WHAT YOU SHOULD DO
The lines from the one containing "1622 Franklin St #L, Cedar Falls, IA" through the last one in the data: please copy those exactly, and only those, without the pictures.

[[ INFORMATION, beginning ]]

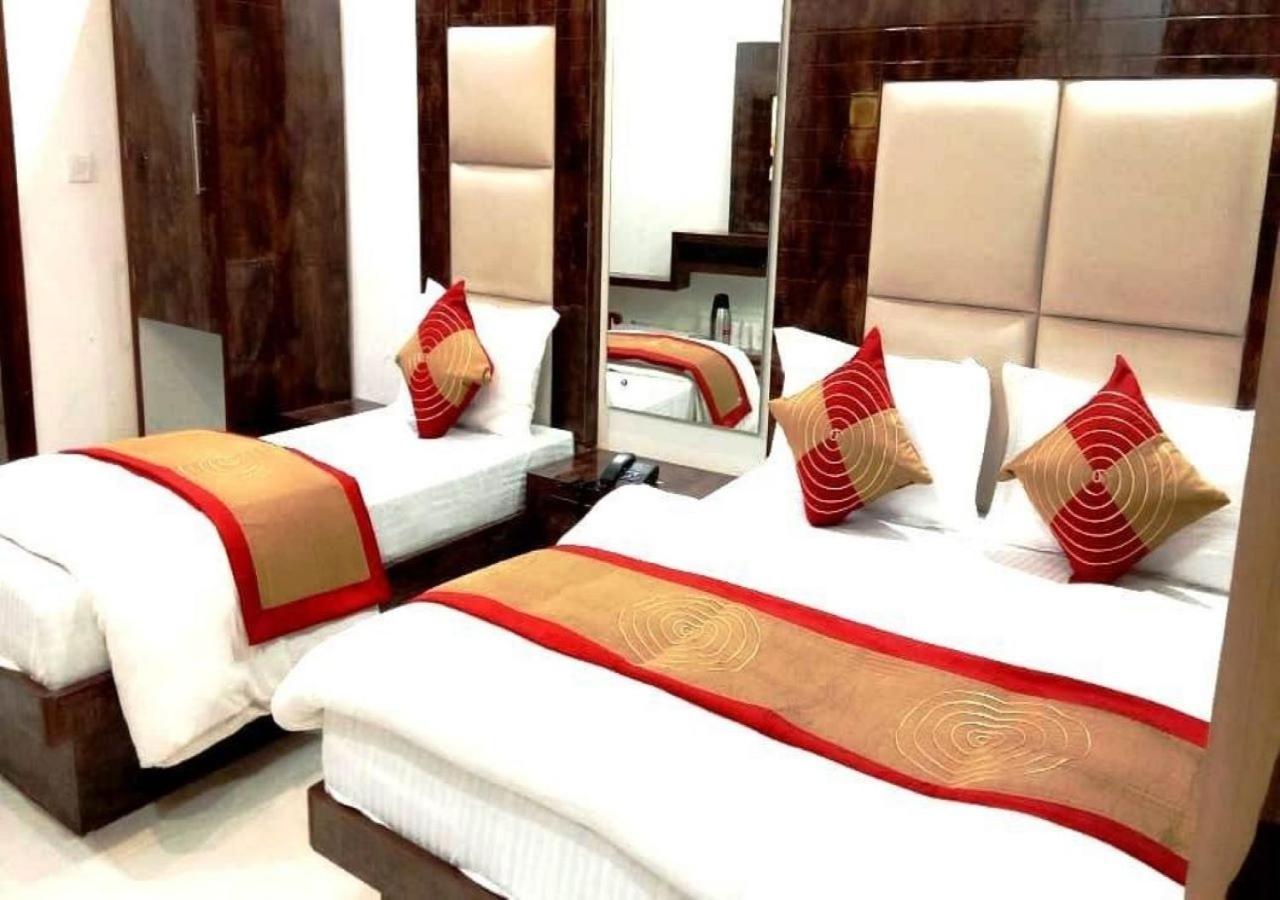 Family Spot Otel Yeni Delhi Dış mekan fotoğraf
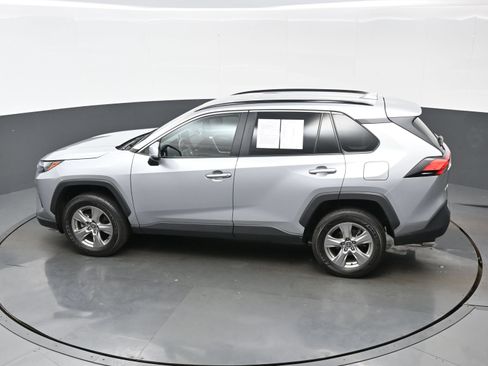 Used 2025 Toyota RAV4 XLE AWD/4WD image 37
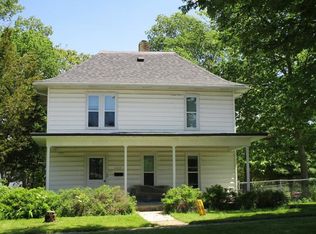 1622 Franklin St #L, Cedar Falls, IA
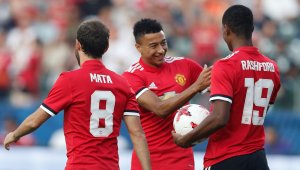 Манчестър Юнайтед съсипа Галакси в първата си лятна контрола + ВИДЕО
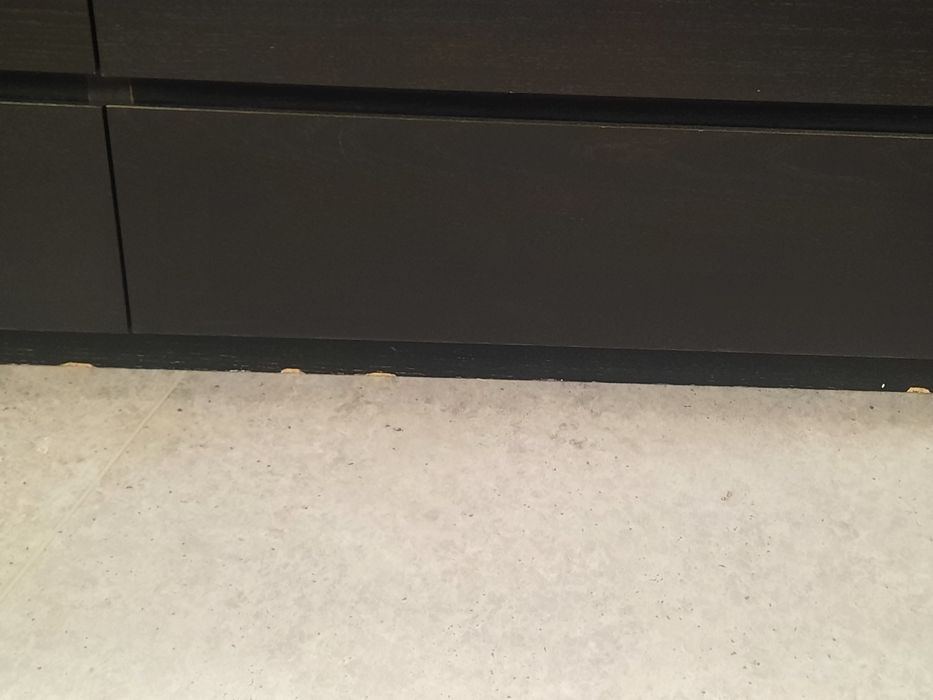 Komoda z szufladami czarna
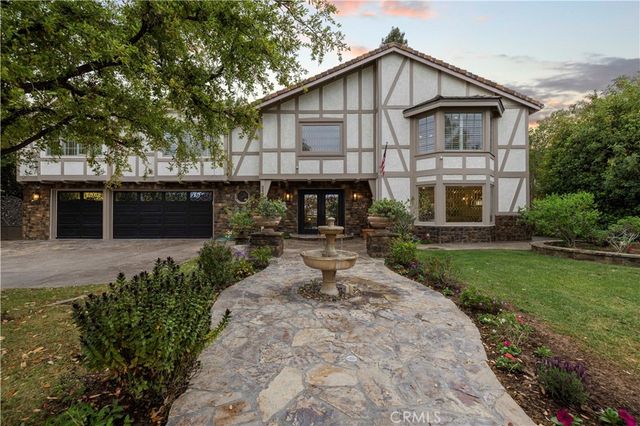 24923 Highspring, Newhall, CA 91321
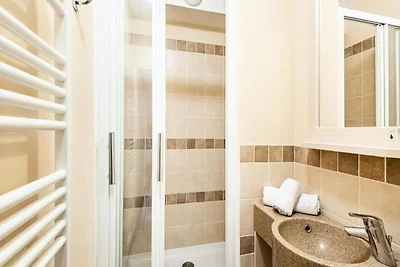 Wohnung im Luberon mit Poolzugang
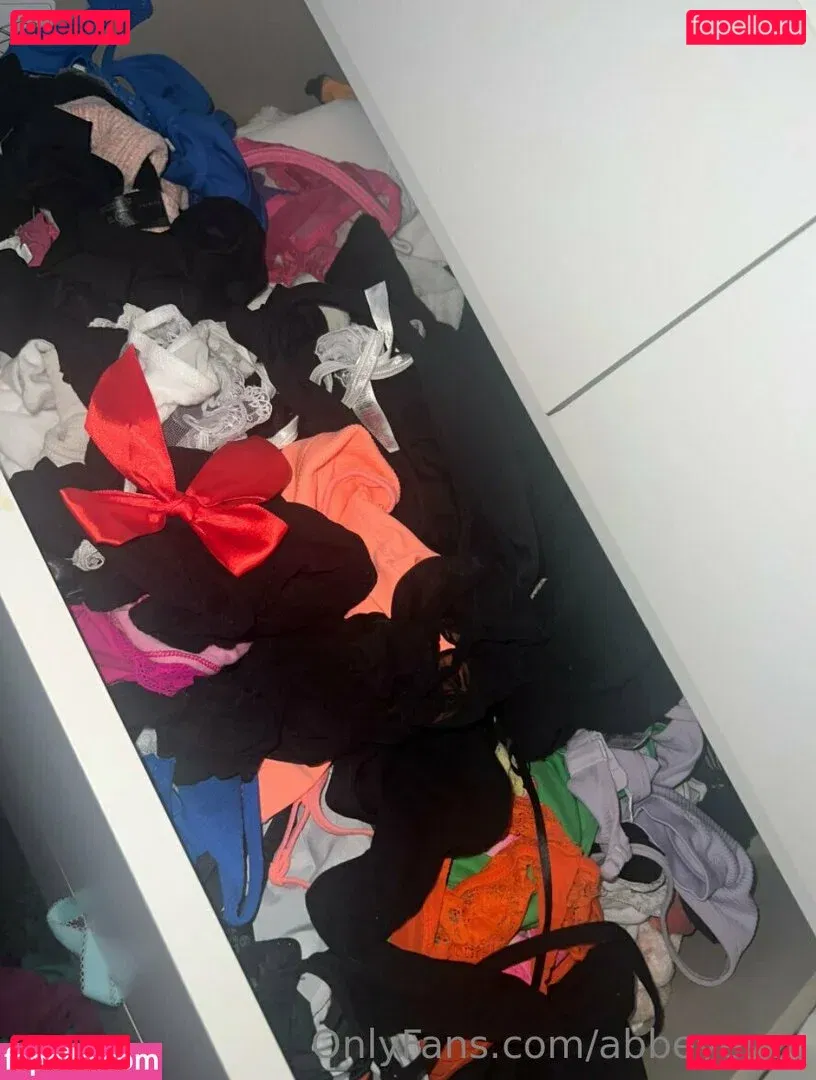 Abbie Hall Onlyfans Photo Gallery 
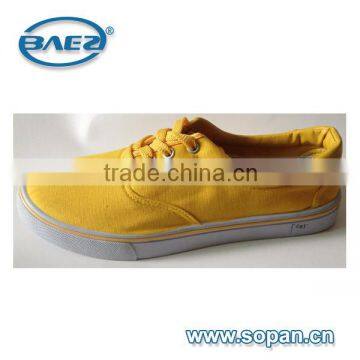 new design women and men injection shoes with bright color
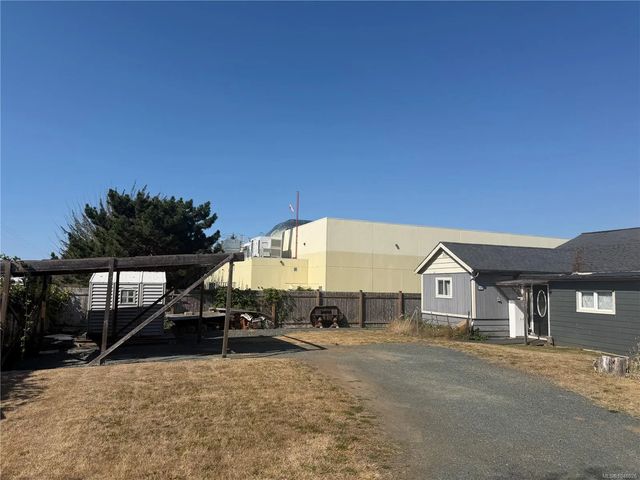 4 of 18 - 508 Wembley Rd, Parksville, BC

[[ INFORMATION, end ]]

WORKED SOLUTION
 1622 Franklin St #L, Cedar Falls, IA
 Манчестър Юнайтед съсипа Галакси в първата си лятна контрола + ВИДЕО
 Komoda z szufladami czarna
 24923 Highspring, Newhall, CA 91321
 Wohnung im Luberon mit Poolzugang
 Abbie Hall Onlyfans Photo Gallery 
 new design women and men injection shoes with bright color
 4 of 18 - 508 Wembley Rd, Parksville, BC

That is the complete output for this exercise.